--- START ---

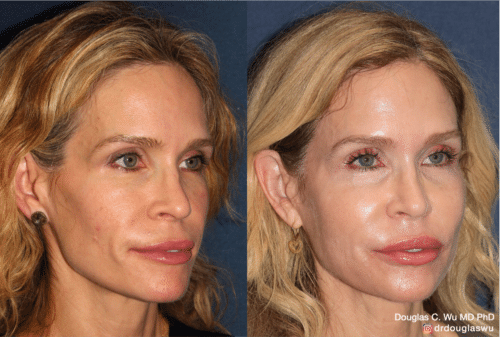 Customized maintenance treatment 10 years later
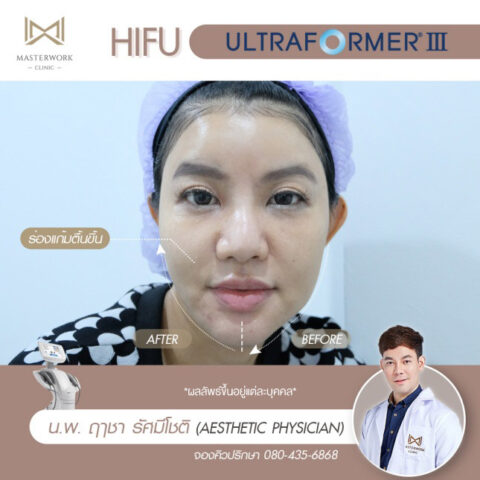 2ทำ-hifu-ที่ไหนดี-รีวิว-hifu-mmfu-masterwork-clinic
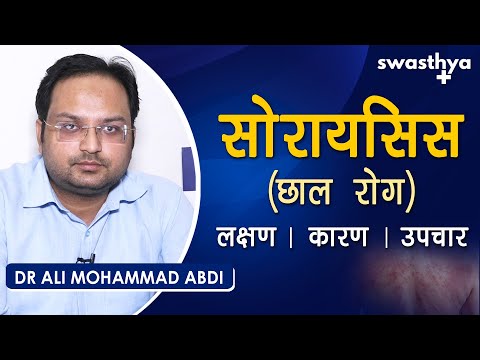 सोरायसिस (छाल रोग) – कारण, लक्षण, उपचार | Dr Ali Mohammad Abdi on Psoriasis in Hindi | Treatment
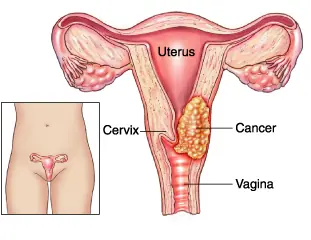 cancer de cuello uterino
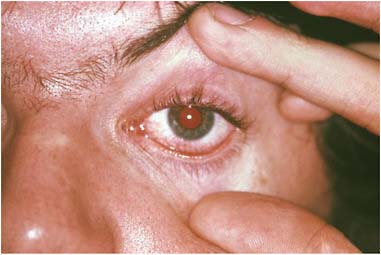 FIGURE WO-6-19 Trachoma. Chlamydia trachomatis infection can lead to conjunctivitis (as seen here) and to blindness.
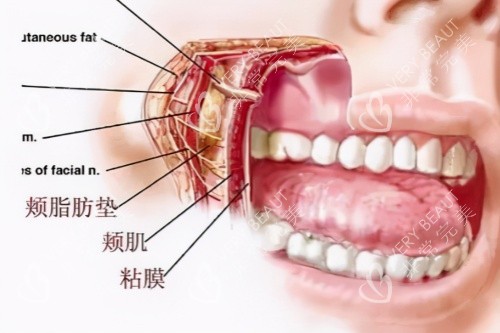 颊脂垫图片一览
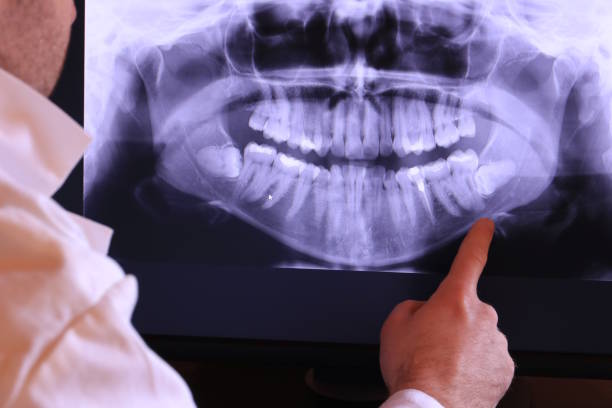 Best Emergency Broken Tooth Repair in Tipton, IA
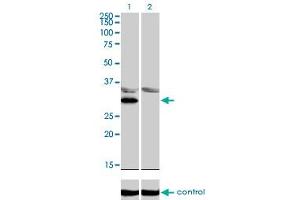Western blot analysis of LDB3 over-expressed 293 cell line, cotransfected with LDB3 Validated Chimera RNAi (Lane 2) or non-transfected control (Lane 1). (LIM Domain Binding 3 Protein anticorps  (AA 1-283))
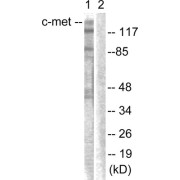 Western blot analysis of extracts from HepG2 cells, using c-Met (epitope around residue 1003) antibody.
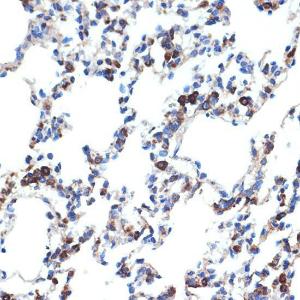 Immunohistochemistry analysis of paraffin-embedded rat lung using Anti-ERp29 Antibody [ARC2295] (A306789) at a dilution of 1:100 (40X lens). Perform microwave antigen retrieval with 10 mM Tris/EDTA buffer pH 9.0 before commencing with IHC staining protocol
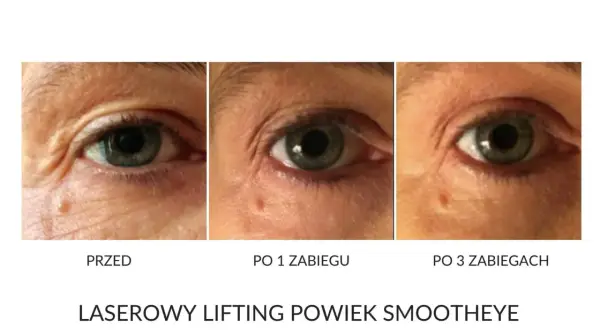 Przed i po zabiegach laserowego liftingu powiek. Efekty widoczne po 1 i 3 zabiegach. Laserowy lifting powiek ile się utrzymuje? Sprawdź efekty!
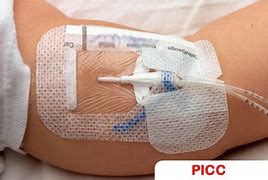 Image result for Cateter PICC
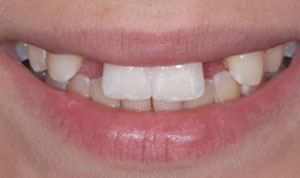 cosmetic dentistry before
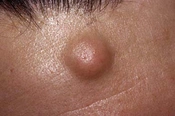 Cover image of the article: Comparison of the Surgical Outcomes of Minimal Excision and Elliptical Excision Techniques in Treating Epidermal Inclusion Cysts: A Prospective Randomized Study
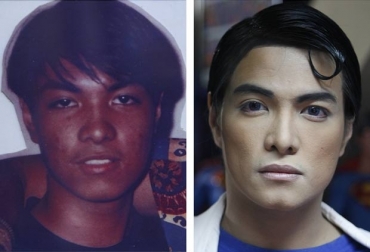 Filipino Herbert Chavez, de 35 anos, realizou vrias cirurgias plsticas desde 1995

--- END ---

Working from the line with "Image result for Cateter PICC" to the last line of the material above, repeat each line exactly and leave out the pictures.

> [Solution to this task]:
 Image result for Cateter PICC
 cosmetic dentistry before
 Cover image of the article: Comparison of the Surgical Outcomes of Minimal Excision and Elliptical Excision Techniques in Treating Epidermal Inclusion Cysts: A Prospective Randomized Study
 Filipino Herbert Chavez, de 35 anos, realizou vrias cirurgias plsticas desde 1995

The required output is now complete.